The ministry alleged that the six NGOs listed above were controlled by the senior leadership of the PFLP. This meant, the ministry charged, that the NGOs “serve as a central source for the financing of the organization’s activity in general and take a significant part in building the organization’s force and the growth of the terror organization.”
These funds, which include large EU donations, were given to the PFLP through forgery and deceit, the ministry charged.
THE DEFENSE Ministry has not publicized any data to back up its charges. Ireland’s Foreign Minister Simon Coveney told The Jerusalem Post that neither his government nor the European Union had received any proof that the six NGOs were engaged in terrorism.
This would have included the May report European countries received, as well as the brief report they were given in the aftermath of that designation, the latter of which mirrored what the Defense Ministry sent the media.
In a statement issued last week, the EU also alluded to the May report when it stated that, “Past allegations of the misuse of EU funds in relation to certain Palestinian CSO [civil society organizations] partners have not been substantiated.”

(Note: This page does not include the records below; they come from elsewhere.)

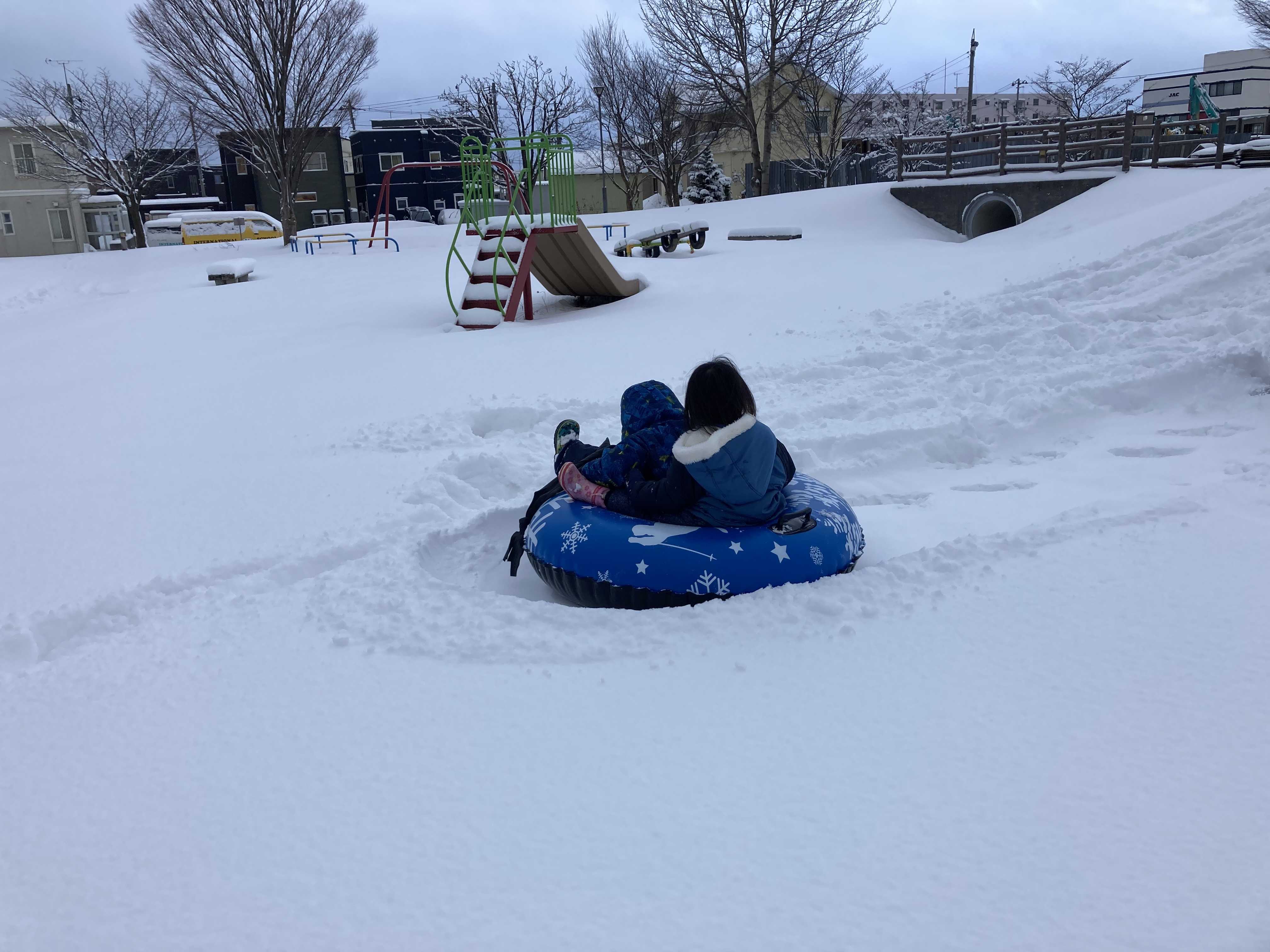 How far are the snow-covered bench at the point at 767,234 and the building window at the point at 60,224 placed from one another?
27786 millimetres

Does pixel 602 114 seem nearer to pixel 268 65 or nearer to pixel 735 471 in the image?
pixel 268 65

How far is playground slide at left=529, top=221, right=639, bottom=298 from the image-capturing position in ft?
32.4

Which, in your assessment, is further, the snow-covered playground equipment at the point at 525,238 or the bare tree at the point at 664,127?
the bare tree at the point at 664,127

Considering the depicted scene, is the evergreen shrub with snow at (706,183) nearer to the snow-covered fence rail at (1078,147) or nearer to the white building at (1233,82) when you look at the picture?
the snow-covered fence rail at (1078,147)

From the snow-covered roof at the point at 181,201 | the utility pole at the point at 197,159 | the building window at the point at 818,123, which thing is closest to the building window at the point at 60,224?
the utility pole at the point at 197,159

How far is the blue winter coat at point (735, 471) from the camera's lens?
3.47 m

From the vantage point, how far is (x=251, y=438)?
19.5 feet

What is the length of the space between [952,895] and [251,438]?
17.1 ft

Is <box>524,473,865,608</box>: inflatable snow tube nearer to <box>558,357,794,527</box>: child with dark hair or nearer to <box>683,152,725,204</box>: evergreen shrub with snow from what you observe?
<box>558,357,794,527</box>: child with dark hair

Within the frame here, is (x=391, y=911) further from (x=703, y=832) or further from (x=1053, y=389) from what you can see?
(x=1053, y=389)

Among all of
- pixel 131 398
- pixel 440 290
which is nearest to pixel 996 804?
pixel 131 398

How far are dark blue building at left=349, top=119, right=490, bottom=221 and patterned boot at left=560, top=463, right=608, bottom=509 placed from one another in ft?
141

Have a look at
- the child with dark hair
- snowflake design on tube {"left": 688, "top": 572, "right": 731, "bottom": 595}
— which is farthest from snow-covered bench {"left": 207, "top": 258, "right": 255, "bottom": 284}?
snowflake design on tube {"left": 688, "top": 572, "right": 731, "bottom": 595}

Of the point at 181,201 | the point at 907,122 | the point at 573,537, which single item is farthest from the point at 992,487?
the point at 181,201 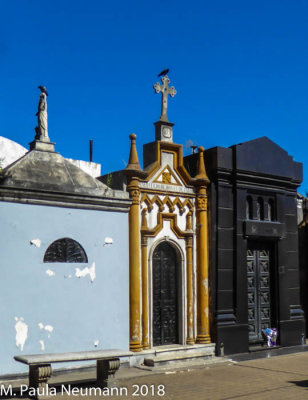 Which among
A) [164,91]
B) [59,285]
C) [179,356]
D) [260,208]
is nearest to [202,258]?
[179,356]

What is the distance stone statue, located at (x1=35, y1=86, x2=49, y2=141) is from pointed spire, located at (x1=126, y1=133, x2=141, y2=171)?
187cm

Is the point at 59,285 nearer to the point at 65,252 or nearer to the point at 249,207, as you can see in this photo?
the point at 65,252

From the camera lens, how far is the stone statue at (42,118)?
36.3 ft

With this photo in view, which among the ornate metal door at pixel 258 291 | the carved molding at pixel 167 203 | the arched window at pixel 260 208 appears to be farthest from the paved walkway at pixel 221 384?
the arched window at pixel 260 208

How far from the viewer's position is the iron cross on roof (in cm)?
1288

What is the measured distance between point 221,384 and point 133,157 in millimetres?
5006

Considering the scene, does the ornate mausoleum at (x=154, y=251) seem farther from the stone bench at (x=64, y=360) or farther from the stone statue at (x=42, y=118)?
the stone bench at (x=64, y=360)

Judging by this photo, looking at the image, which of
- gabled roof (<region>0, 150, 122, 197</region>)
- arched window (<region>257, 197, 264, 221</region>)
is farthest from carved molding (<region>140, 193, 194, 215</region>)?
arched window (<region>257, 197, 264, 221</region>)

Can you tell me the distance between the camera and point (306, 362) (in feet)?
40.3

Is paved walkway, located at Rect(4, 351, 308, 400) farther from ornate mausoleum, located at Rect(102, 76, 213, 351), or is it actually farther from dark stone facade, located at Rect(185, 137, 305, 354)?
dark stone facade, located at Rect(185, 137, 305, 354)

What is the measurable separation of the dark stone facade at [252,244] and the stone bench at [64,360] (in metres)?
3.89

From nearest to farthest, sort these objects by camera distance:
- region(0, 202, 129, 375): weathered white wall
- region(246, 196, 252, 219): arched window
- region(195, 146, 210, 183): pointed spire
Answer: region(0, 202, 129, 375): weathered white wall, region(195, 146, 210, 183): pointed spire, region(246, 196, 252, 219): arched window

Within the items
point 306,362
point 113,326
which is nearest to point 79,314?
point 113,326

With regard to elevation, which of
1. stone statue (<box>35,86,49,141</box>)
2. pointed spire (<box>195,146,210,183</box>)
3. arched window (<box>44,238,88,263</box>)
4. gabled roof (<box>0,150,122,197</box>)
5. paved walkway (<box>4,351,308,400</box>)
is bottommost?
paved walkway (<box>4,351,308,400</box>) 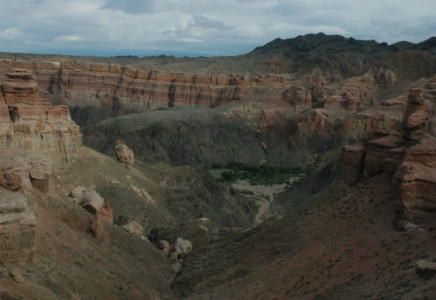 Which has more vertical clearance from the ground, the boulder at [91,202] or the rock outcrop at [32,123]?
the rock outcrop at [32,123]

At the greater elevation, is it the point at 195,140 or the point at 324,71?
the point at 324,71

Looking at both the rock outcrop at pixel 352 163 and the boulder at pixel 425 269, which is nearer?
the boulder at pixel 425 269

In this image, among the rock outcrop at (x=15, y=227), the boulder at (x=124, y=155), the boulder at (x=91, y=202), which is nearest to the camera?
the rock outcrop at (x=15, y=227)

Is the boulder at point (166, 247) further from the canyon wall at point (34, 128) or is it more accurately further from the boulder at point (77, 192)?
the canyon wall at point (34, 128)

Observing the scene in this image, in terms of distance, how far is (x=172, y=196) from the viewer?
175ft

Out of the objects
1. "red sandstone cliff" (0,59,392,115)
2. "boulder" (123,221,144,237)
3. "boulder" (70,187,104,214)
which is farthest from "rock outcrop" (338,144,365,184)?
"red sandstone cliff" (0,59,392,115)

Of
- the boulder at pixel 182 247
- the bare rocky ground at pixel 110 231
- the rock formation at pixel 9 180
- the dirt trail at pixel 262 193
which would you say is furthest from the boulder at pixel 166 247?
the dirt trail at pixel 262 193

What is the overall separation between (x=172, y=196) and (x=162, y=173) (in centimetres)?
579

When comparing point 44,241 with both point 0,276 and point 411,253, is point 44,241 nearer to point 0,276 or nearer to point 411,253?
point 0,276

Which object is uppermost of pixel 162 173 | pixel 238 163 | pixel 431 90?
pixel 431 90

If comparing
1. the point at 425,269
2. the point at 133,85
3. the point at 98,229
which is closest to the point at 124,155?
the point at 98,229

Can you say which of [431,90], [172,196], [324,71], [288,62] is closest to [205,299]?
[172,196]

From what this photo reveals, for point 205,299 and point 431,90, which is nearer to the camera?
point 205,299

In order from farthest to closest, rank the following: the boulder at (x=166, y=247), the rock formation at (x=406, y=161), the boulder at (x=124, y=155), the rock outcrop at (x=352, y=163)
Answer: the boulder at (x=124, y=155) → the boulder at (x=166, y=247) → the rock outcrop at (x=352, y=163) → the rock formation at (x=406, y=161) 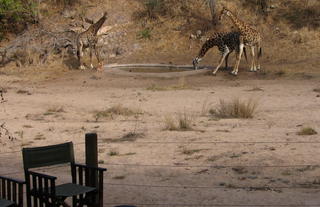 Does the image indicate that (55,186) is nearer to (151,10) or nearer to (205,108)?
(205,108)

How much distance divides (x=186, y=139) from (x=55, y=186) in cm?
474

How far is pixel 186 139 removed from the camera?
9.44m

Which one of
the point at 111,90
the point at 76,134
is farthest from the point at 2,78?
the point at 76,134

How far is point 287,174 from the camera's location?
7.05m

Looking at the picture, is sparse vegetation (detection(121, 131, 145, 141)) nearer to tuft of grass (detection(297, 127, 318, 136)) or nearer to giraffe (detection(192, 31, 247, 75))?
tuft of grass (detection(297, 127, 318, 136))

The Associated Press, which also saw a copy of the May report, also said it, “contains little concrete evidence.”
US Representative Andy Levin from Michigan tweeted on Friday against Israel’s labeling of the NGO’s as terrorist organizations.
“We must question the severe designation of Palestinian civil society groups as ‘terrorist organizations’ by Israeli Defense Minister Benny Gantz. If there is evidence, I would certainly like to see it,” Levin wrote.
The article published Thursday by the three journalists focused on a Shin Bet document from May that had been distributed to the EU and similarly rejected. It has also been sent to members of Congress, the journalists stated.
“The value of the Shin Bet’s evidence” in that May report “seems very lacking, especially when taking into consideration that the accountants never worked for the six organizations they testified about and were fired from the Health Work Committees due to suspicions of financial malpractice,” the journalists said, adding that at no point was evidence provided showing that the funding was used for violent activity against Israel.
In some cases, evidence was even omitted so that it looked like funds sent to the PFLP humanitarian activity had been allocated to terrorism, the journalists said.
“When asked how he had come to understand that money reached the activities of the PFLP,” Abdat replied that he “saw receipts which were used for various PFLP activities, such as dabke [a traditional Palestinian dance] courses held in Ramallah, Bethlehem and Jerusalem.” Only the first part of this sentence was presented to the Europeans, while the second part – from which it is understood that the receipts refer to a dance class – was omitted from the dossier, the +972 article stated.
“In fact, in the hundreds of pages of interrogation summaries, there is only one single reference to military activities. According to the summary of his April 8 interrogation, Abdat claimed that there exists a PFLP committee that decides how to divide the funds between military activities and organizations,” the +972 article explained. But no further information was given about those activities, nor was evidence shown to back up that claim, the journalists wrote.